L’invasion militaire actuelle de l’Ukraine par la Russie constitue un tournant dans l’histoire de l’Europe. Le continent, qui a connu de longues décennies de paix, est désormais confronté à un conflit armé déclenché par les aspirations révisionnistes du président russe.
L’escalade des événements a suscité l’étonnement, voire l’horreur, même chez de nombreux experts. Mais ces événements reflètent une évolution géopolitique qui se dessinait depuis longtemps déjà : la concurrence entre les grandes et moyennes puissances s’intensifie et la scène internationale est devenue plus instable et imprévisible. Au départ, la guerre d’agression russe contre l’Ukraine reposait sur les cybercapacités disponibles très développées. Mais pour gagner du terrain sur le plan territorial, la Russie a envahi le pays avec des chars d’assaut, à l’ancienne.
Aucun doute : les conséquences de l’agression militaire de la Russie en Ukraine seront graves et de grande portée. En premier lieu pour l’Ukraine et ses citoyens, mais aussi pour l’alliance occidentale et la sécurité européenne. Et qu’en est-il pour la Suisse ?
Au cours des dernières années, dans ses nombreuses déclarations sur la politique de sécurité, le Conseil fédéral a affirmé à plusieurs reprises que l’intégrité territoriale de la Suisse ne serait très probablement pas affectée par le comportement militaire agressif de la Russie ni par un éventuel conflit entre l’OTAN et la Russie. Mais actuellement, la situation en Ukraine évolue de jour en jour, voire d’heure en heure, et toutes les conséquences du conflit ne se cristalliseront que progressivement. La Suisse en ressentira elle aussi les effets, que ce soit sur sa politique de sécurité ou sur son économie.

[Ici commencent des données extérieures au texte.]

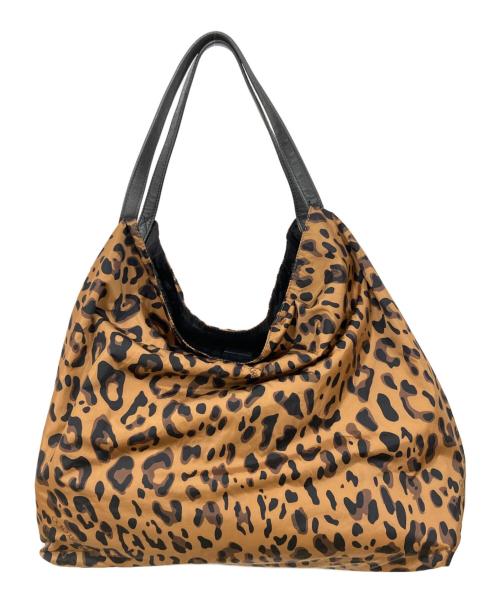 JIMMY CHOO（ジミーチュウ）JIMMY CHOO (ジミーチュウ) トートバッグ ブラウン×ブラックの古着・服飾アイテム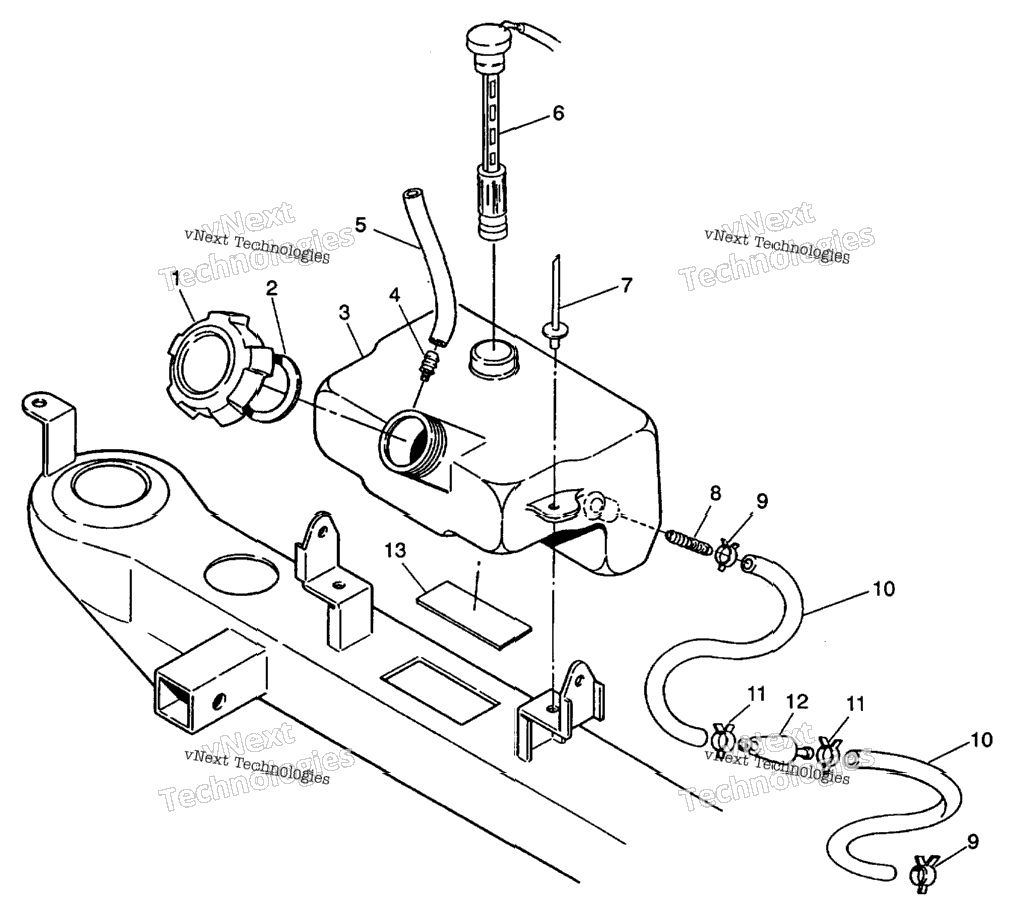 Oil Tank Assembly 4X4 350L
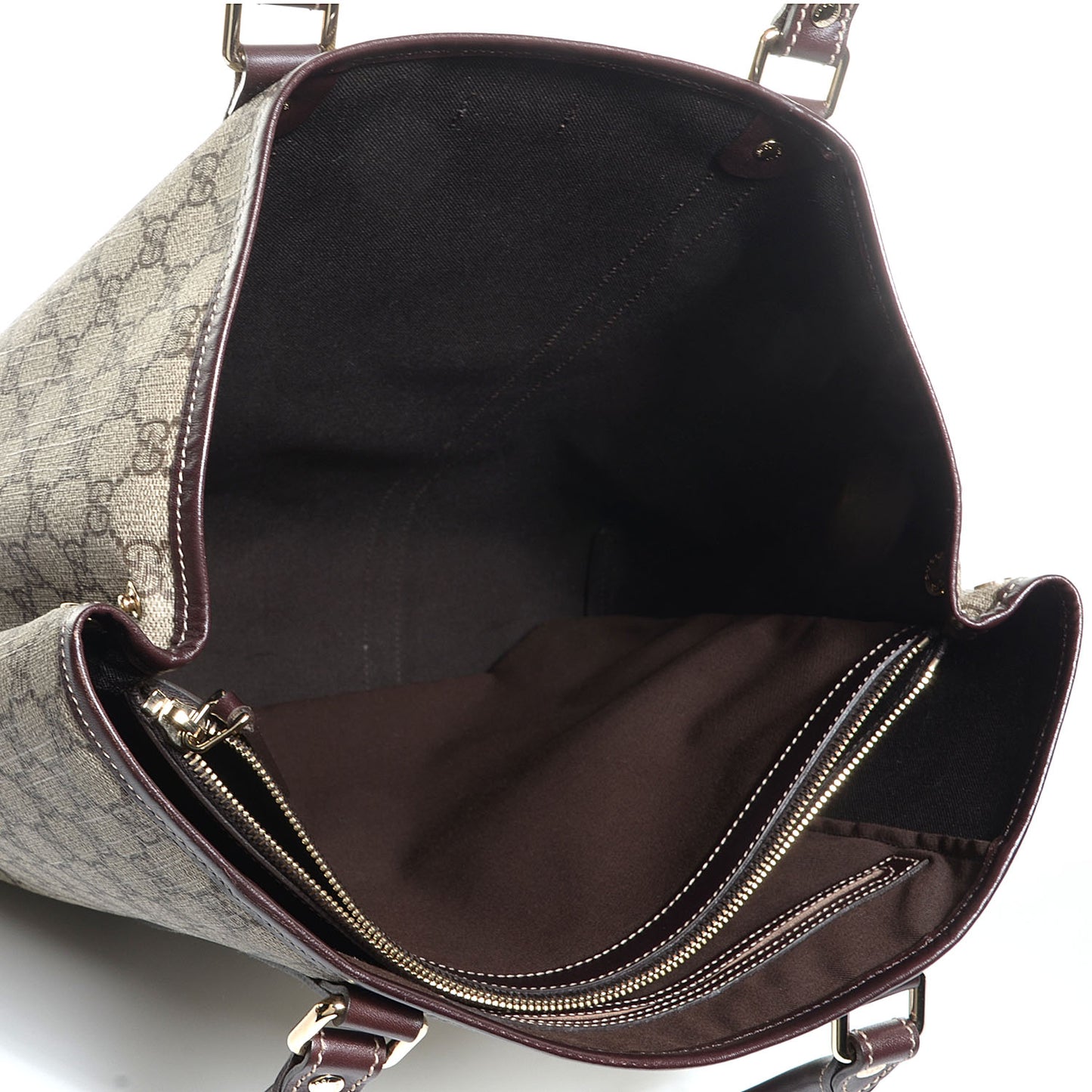 GG Plus Monogram Joy Vertical Tote Dark Brown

Avenir Suisse publiera dans quelques semaines une étude sur l’architecture de la sécurité suisse. Cette publication n’est pas une réaction précipitée face aux événements actuels, bien au contraire : les travaux de recherche ont commencé il y a plus d’un an déjà – lorsqu’une attaque territoriale aussi claire de la Russie était considérée comme improbable, tant par le Conseil fédéral que par l’OTAN. Les événements actuels confirment toutefois l’orientation de l’étude, notamment sur les deux points suivants :
Premièrement, la Suisse doit rattraper son retard en matière de cyberdéfense. Les cybercapacités du Kremlin, bien qu’elles aient surtout été utilisées jusqu’à maintenant pour des campagnes de désinformation, démontrent la pertinence de se préparer aux cyberattaques. Qu’elles soient d’origine militaire ou criminelle, elles ont le potentiel de causer des dommages considérables à un Etat, à son économie et à sa société. Et plus encore qu’une attaque terrestre.

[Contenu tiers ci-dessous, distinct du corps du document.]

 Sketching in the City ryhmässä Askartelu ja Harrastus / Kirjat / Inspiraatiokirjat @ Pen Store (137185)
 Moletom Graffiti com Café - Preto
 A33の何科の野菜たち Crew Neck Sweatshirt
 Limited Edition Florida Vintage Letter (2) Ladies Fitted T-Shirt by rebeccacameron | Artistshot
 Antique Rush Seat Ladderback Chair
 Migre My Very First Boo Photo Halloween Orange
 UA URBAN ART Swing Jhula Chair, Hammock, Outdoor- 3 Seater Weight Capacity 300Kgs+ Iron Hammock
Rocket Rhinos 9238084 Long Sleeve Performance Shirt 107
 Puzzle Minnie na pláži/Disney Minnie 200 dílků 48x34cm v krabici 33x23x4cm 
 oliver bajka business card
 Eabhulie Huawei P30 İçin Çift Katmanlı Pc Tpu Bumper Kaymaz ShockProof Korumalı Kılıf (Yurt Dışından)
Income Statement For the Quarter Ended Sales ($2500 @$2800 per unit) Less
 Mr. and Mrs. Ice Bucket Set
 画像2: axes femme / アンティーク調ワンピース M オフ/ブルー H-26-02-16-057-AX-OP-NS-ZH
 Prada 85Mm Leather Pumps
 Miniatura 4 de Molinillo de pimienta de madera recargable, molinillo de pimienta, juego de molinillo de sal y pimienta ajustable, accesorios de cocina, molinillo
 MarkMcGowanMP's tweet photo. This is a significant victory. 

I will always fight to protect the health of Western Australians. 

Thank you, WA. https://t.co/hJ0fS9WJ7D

Deuxièmement, l’attaque des forces armées russes démontre avec clarté l’importance de la coopération des pays occidentaux et européens en particulier. Dans le cadre d’un effort de défense commun, il est beaucoup plus probable qu’un conflit conventionnel affecte l’Europe en tant que collectif plutôt que la Suisse de manière isolée. En cas d’urgence, la défense est plus efficace lorsqu’elle est collective. Les capacités doivent donc être coordonnées, exercées et développées au préalable.
Cela concerne également la coordination et l’interopérabilité des forces aériennes. En renforçant sa coopération militaire transnationale, par exemple en participant à des exercices de l’OTAN ou en s’impliquant davantage dans des initiatives de défense paneuropéennes, la Suisse pourrait augmenter sa contribution à la sécurité collective de l’Europe. La discussion autour d’une conception politique de la neutralité de la Suisse allant au-delà des obligations légales pourrait représenter un gain de sécurité pour le pays. La notion de neutralité, actuellement statique, doit donc évoluer.
La situation actuelle montre l’importance du thème de la politique de sécurité et le place davantage sous les projecteurs. Dans un paysage de politique de sécurité complexe faisant face à des défis considérables, les débats publics sont importants. Ils garantissent une politique de sécurité efficace et adaptée aux besoins. Le fait que les événements actuels confèrent à ce thème un caractère explosif n’est pas réjouissant, bien au contraire : notre pays, mais aussi l’Europe, se seraient bien passés de cette explosivité.